● **Short text fragments from websites**:
================================

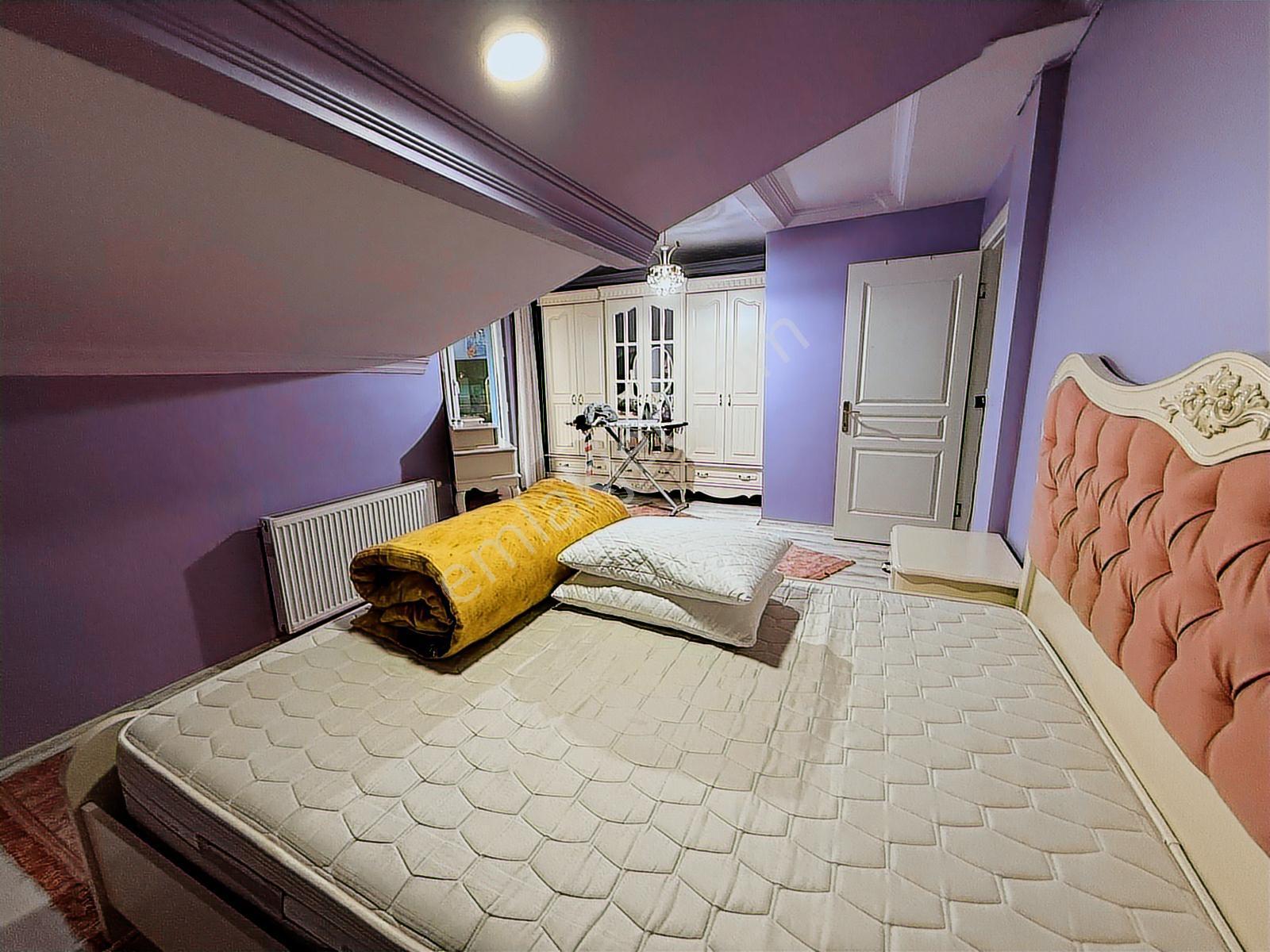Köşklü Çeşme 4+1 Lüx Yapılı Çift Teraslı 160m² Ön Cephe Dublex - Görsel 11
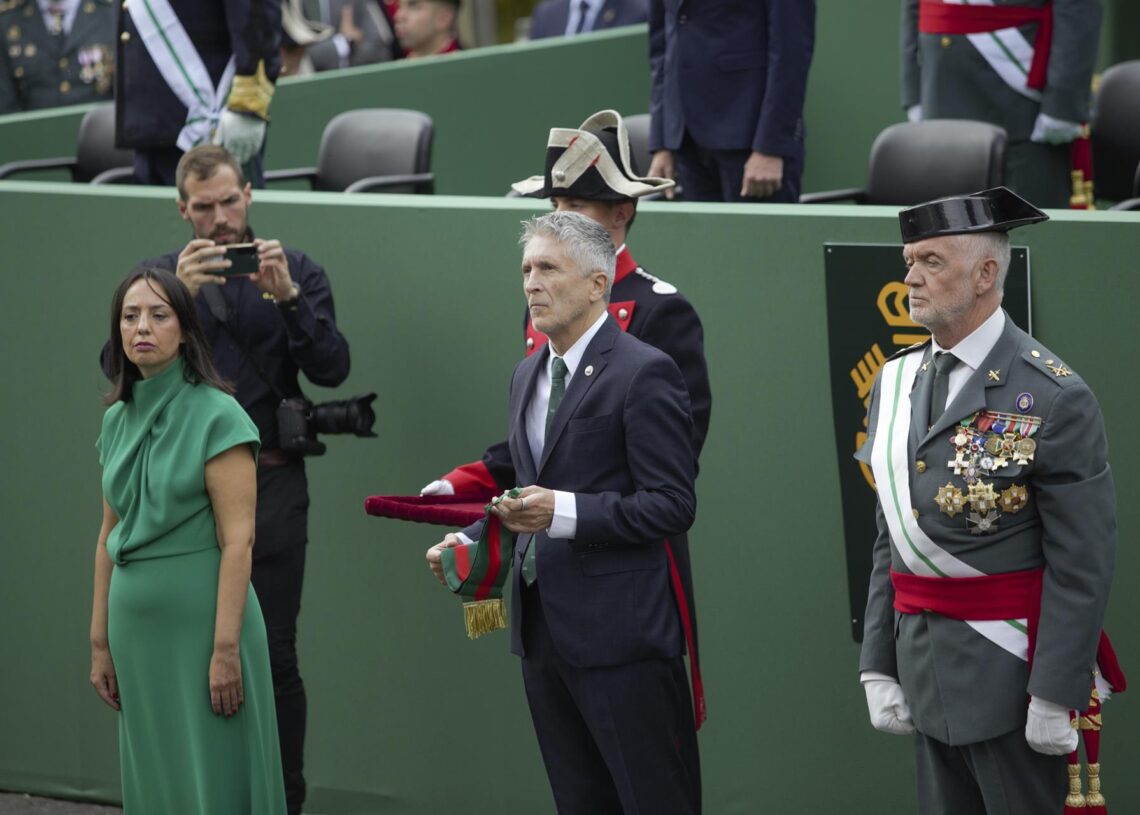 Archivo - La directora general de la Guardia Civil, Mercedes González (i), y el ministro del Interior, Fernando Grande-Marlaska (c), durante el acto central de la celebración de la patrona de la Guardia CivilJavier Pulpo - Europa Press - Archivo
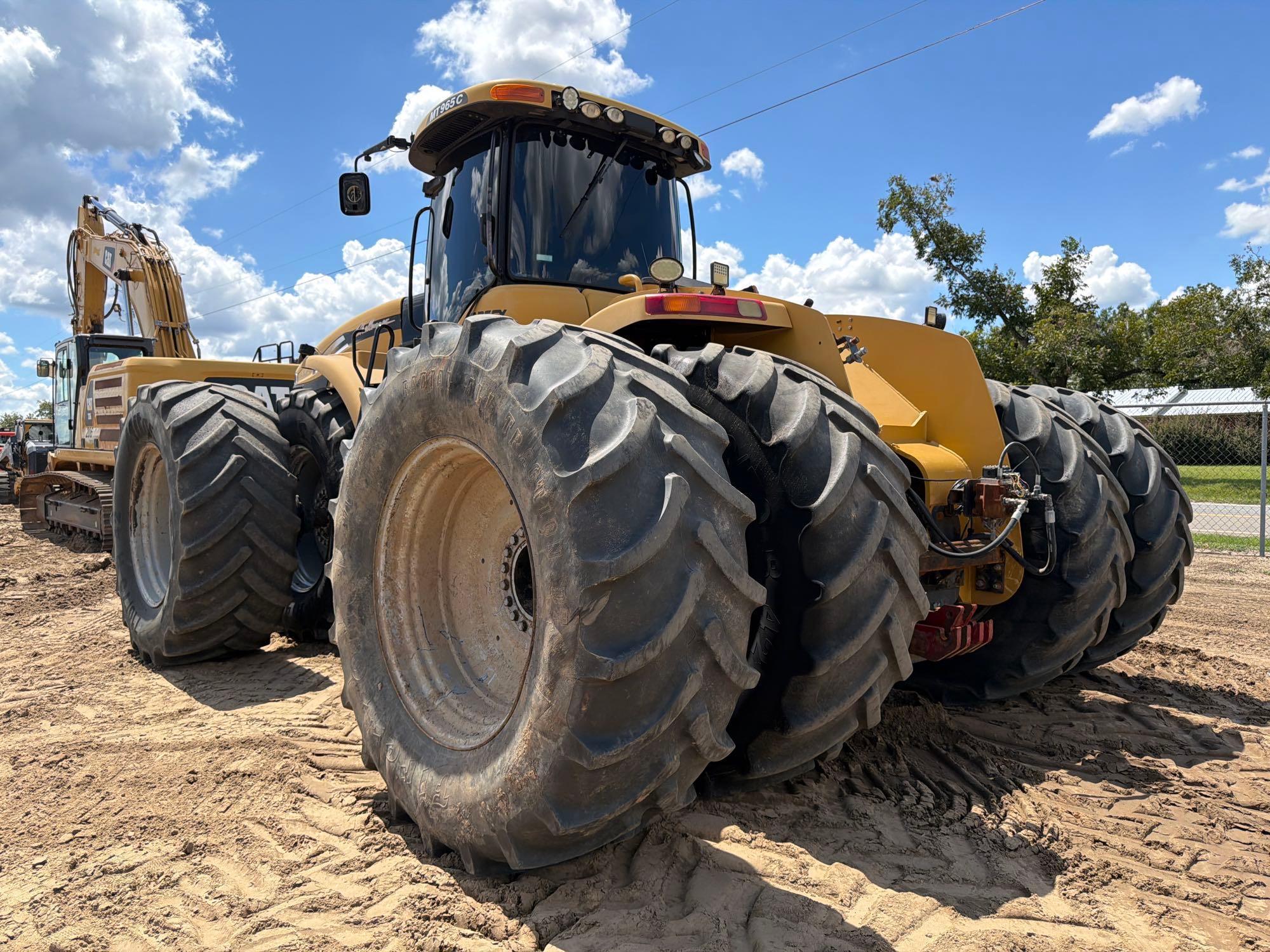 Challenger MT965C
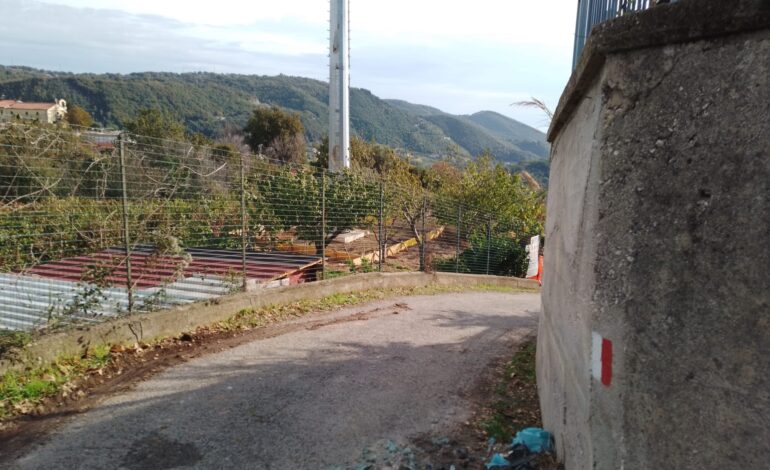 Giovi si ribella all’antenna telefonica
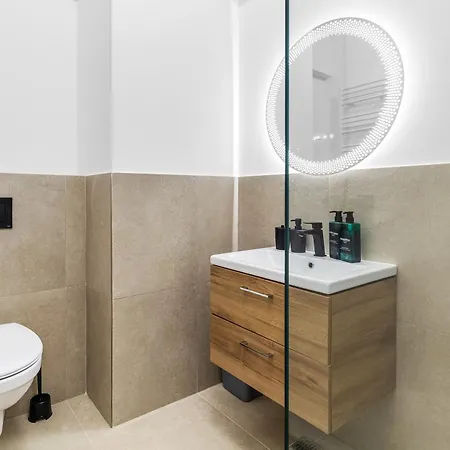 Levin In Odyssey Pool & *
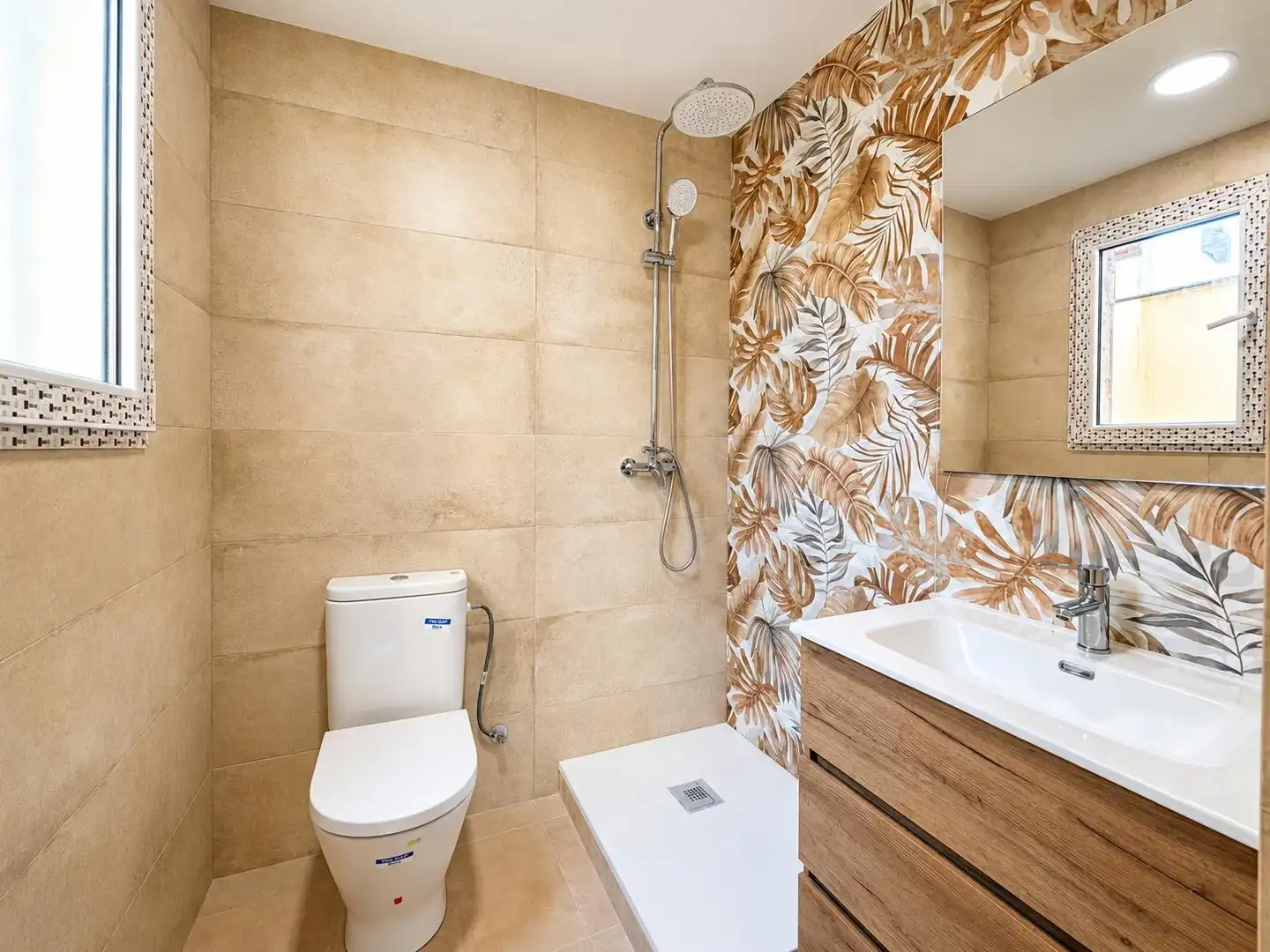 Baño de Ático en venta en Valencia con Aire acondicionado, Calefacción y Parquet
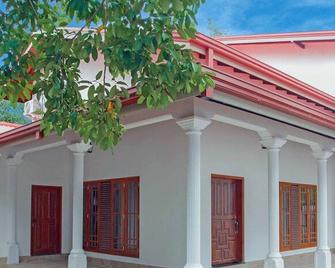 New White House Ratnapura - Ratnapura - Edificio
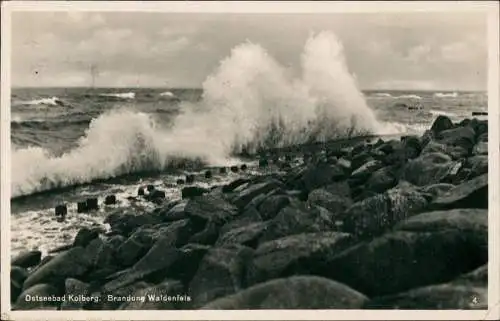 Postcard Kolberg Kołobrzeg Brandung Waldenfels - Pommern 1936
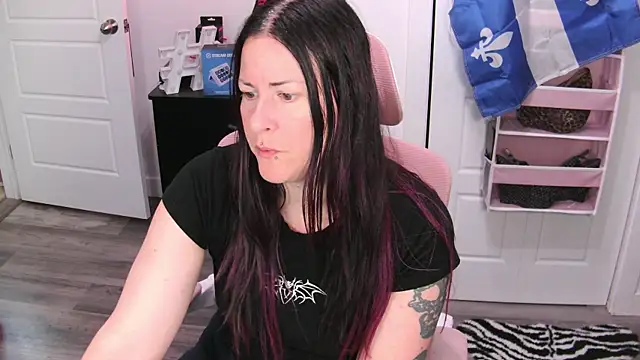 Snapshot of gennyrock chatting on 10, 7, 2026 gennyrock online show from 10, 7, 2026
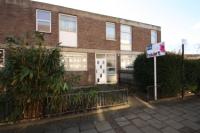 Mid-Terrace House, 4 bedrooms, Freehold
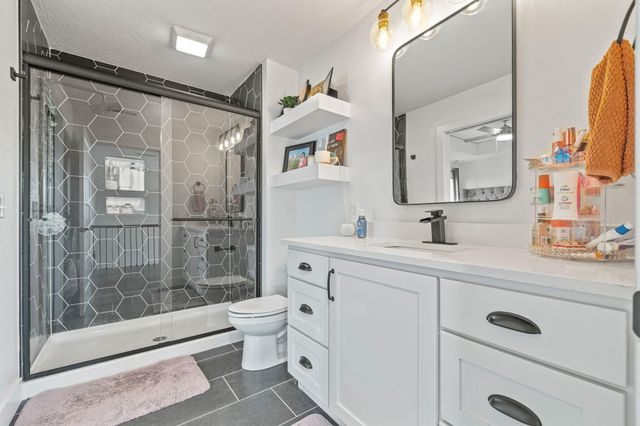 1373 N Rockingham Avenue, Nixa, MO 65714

================================

● **The task**:
Reproduce the data above line for line, from its first line through the line containing "New White House", both ends included, with the pictures omitted and nothing more.

● **Solved exercise**:
Köşklü Çeşme 4+1 Lüx Yapılı Çift Teraslı 160m² Ön Cephe Dublex - Görsel 11
 Archivo - La directora general de la Guardia Civil, Mercedes González (i), y el ministro del Interior, Fernando Grande-Marlaska (c), durante el acto central de la celebración de la patrona de la Guardia CivilJavier Pulpo - Europa Press - Archivo
 Challenger MT965C
 Giovi si ribella all’antenna telefonica
 Levin In Odyssey Pool & *
 Baño de Ático en venta en Valencia con Aire acondicionado, Calefacción y Parquet
 New White House Ratnapura - Ratnapura - Edificio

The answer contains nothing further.